Anakin looked at him, deeply offended. “Didn’t you have fun up there?”
“Yes, but” –
“Because you looked like you were having fun.”
“Fine, but, sweetheart, this was just for us. I don’t want crowds – I don’t want anyone seeing this except maybe you, in the privacy of our own bedroom. Hell, I don’t even ever want to see it again.” He shuddered beside Anakin.
“Twenty-five people saw you just now,” Anakin said, a little incredulously, indicating at the room at large behind them with his chin.
“That’s different. I don’t know them.”
“You mean you’re not going to let me show this to Ahsoka?”
Obi-Wan shuddered again. “Oh, God no.”
Anakin pouted. “But I want to. It’s not, like, a sex tape. We didn’t even take any clothes off. You sounded great, babe.”
The man behind the counter nodded. “I see a lot of bad karaoke, and you two were actually pretty good.”
“Thank you,” Obi-Wan said, without taking his eyes off of Anakin. “I’m afraid this is going to be a bit of a deal-breaker for me, darling.”
Anakin frowned. “I really feel like you could have mentioned that before we started, but fine.” He thought about the contents of his wallet as he turned back to the desk employee. “I will limit myself to four copies, please, because my husband is being a little bit of a stick-in-the-mud.”
“Four…Anakin, we do not need four of anything,” Obi-Wan protested. “One is plenty. What do you even need the other three for?”

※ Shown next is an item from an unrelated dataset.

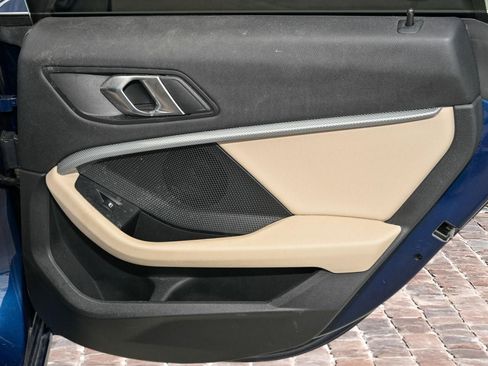 Used 2022 BMW 228i Gran Coupe w/ Convenience Package FWD image 12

“For if something happens to the first one,” Anakin said, he thought, quite reasonably. Obi-Wan opened his mouth to protest, but Anakin barreled on. “What if there’s a fire, hmm? What if the kids break one? What if I lose one? You know I lose things!” he protested hotly, and Obi-Wan finally shut his mouth and seemed to acquiesce. “This way,” Anakin continued, more calmly, “we have some spares. It’s not like a DVD of Sleeping Beauty or something, that I can just get another one if something happens to it. This is important.” To really make his point, he got further into Obi-Wan’s space, held him by the hips, and rested their foreheads together. “Please, love. Let me have this. I loved this so much, and I love that you did it for me, and I want to have it so I can remember this even when we’re a hundred years old and sitting in rocking chairs in the old folks’ home all day.”

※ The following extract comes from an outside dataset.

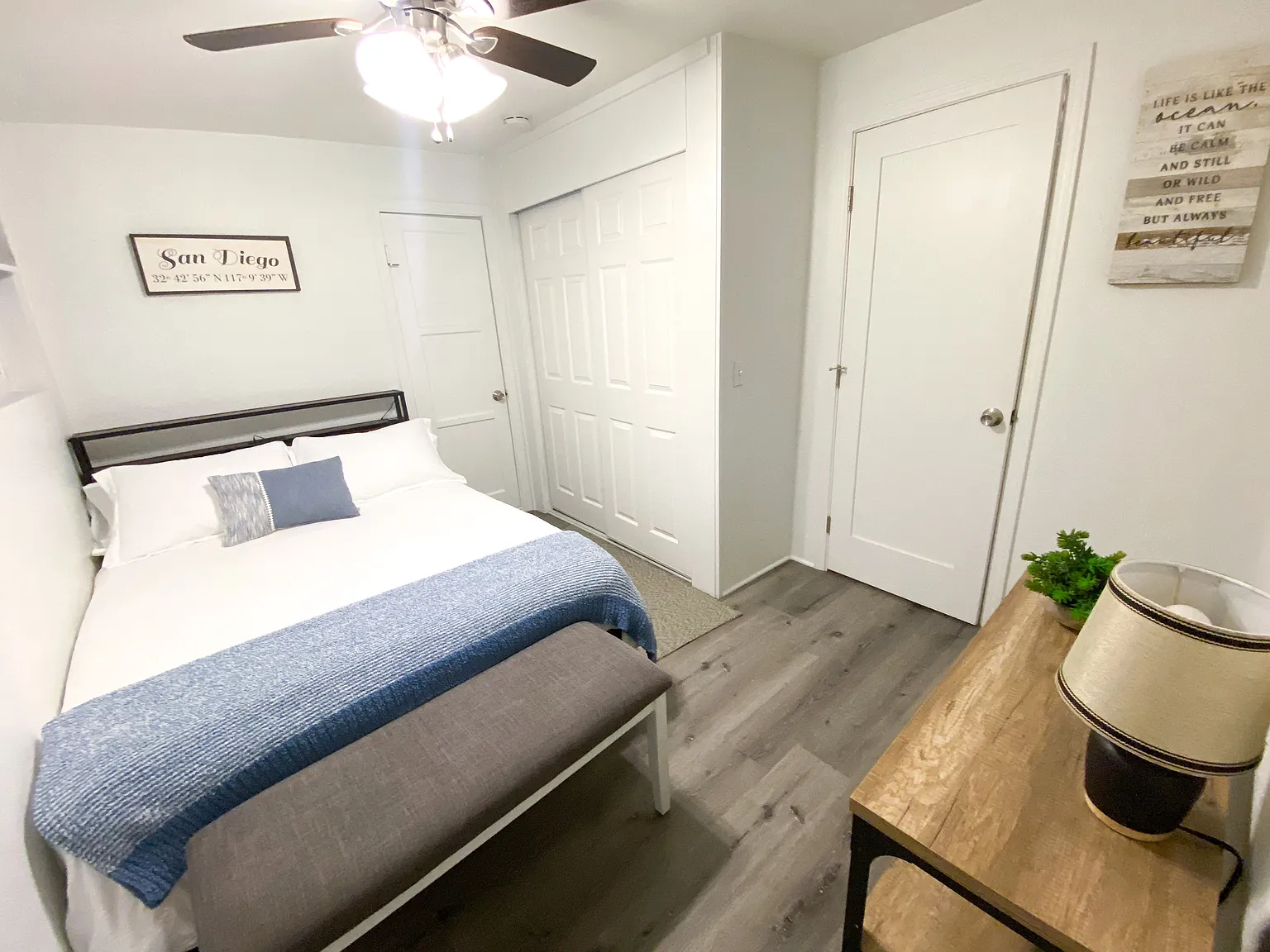 2 bed, $4,800 — Photo 3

Obi-Wan frowned, but Anakin knew he was giving in. “We can’t afford an old folks’ home. Ahsoka is going to have to take care of us.”

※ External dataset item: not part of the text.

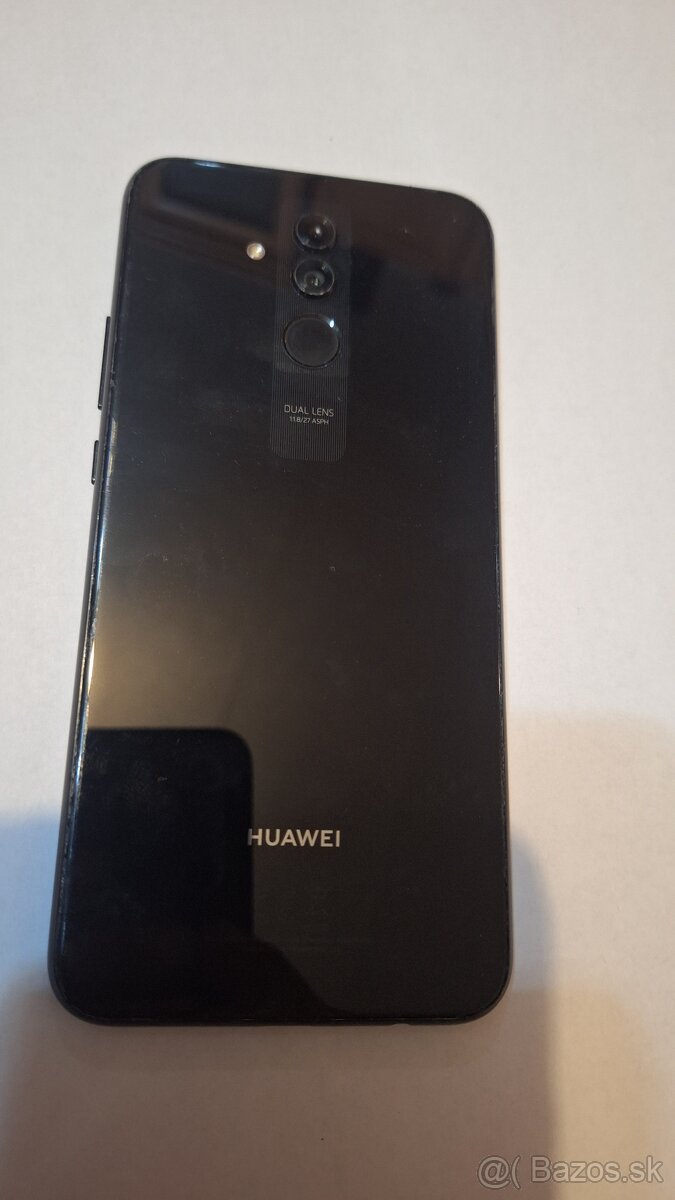 Huawei mate 20 lite 4GB/64GB android 10 - 4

Anakin chuckled. “She’ll be so bad at that.”
“Terrible,” Obi-Wan agreed. He took Anakin’s elbows in his hands and squeezed. “It’s a good thing we can’t afford a life insurance policy, either, or she’d start poisoning us in our eighties to be rid of us.”
Anakin grinned. “She might do that anyway.” He shifted, so that he could have his hands free to take Obi-Wan in his arms and hold him against his chest for a very long hug. He ended up with his arms wrapped around Obi-Wan’s shoulders, and Obi-Wan’s arms loosely draped around Anakin’s waist. “I love you, very much.”
“Oh,” Obi-Wan said, starting to blush, “just get the fucking DVDs before I change my mind.”
“Thank you!” Anakin enthused happily, and pulled out his wallet one-handed so that he could continue to hold Obi-Wan with the other.